Pictures in the listing below are skipped, while the lines from the "A yellow tram" line through the "Distressed smoked oak" line are returned word for word.
::: ENTRIES SHOWN :::
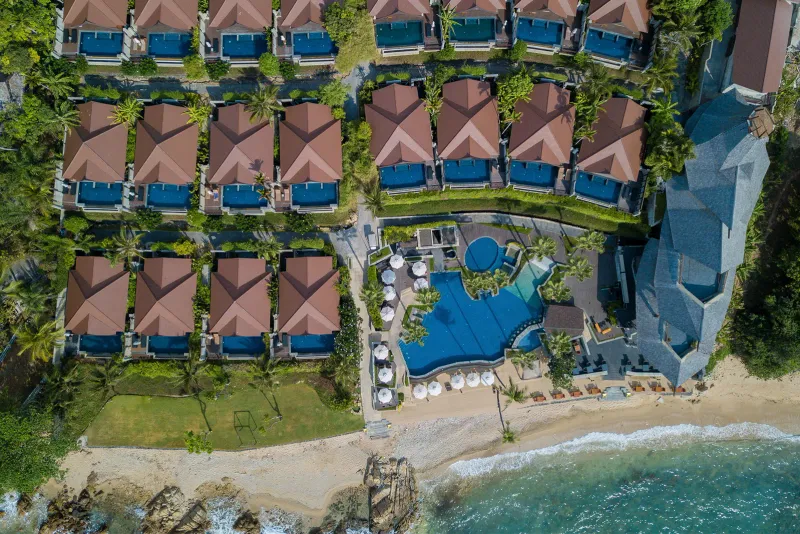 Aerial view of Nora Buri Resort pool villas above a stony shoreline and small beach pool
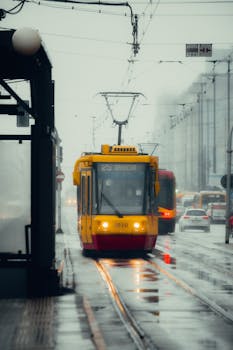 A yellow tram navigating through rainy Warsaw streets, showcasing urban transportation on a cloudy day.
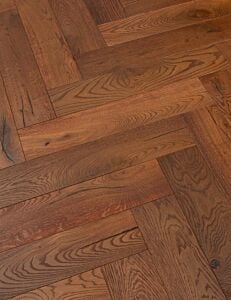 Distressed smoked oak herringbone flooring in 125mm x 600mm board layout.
:::
::: ENTRIES SHOWN :::
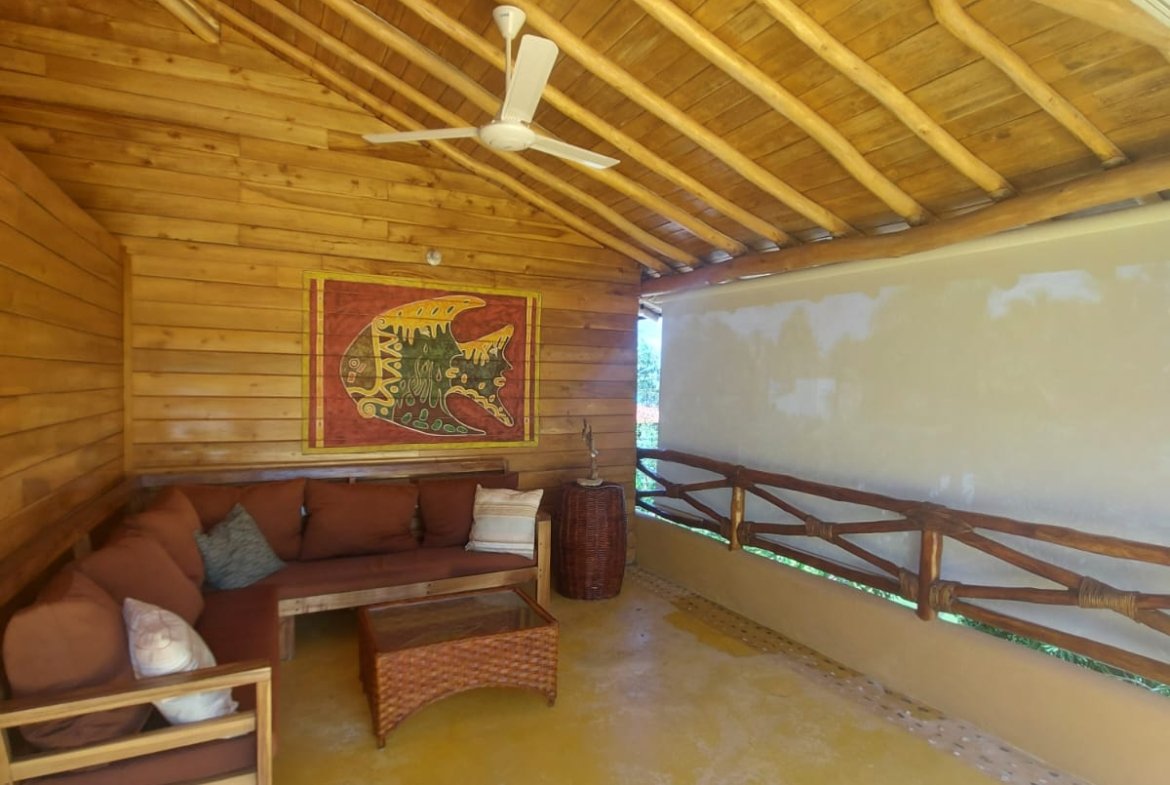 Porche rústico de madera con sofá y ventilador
:::
EXERCISE RESULT
 A yellow tram navigating through rainy Warsaw streets, showcasing urban transportation on a cloudy day.
 Distressed smoked oak herringbone flooring in 125mm x 600mm board layout.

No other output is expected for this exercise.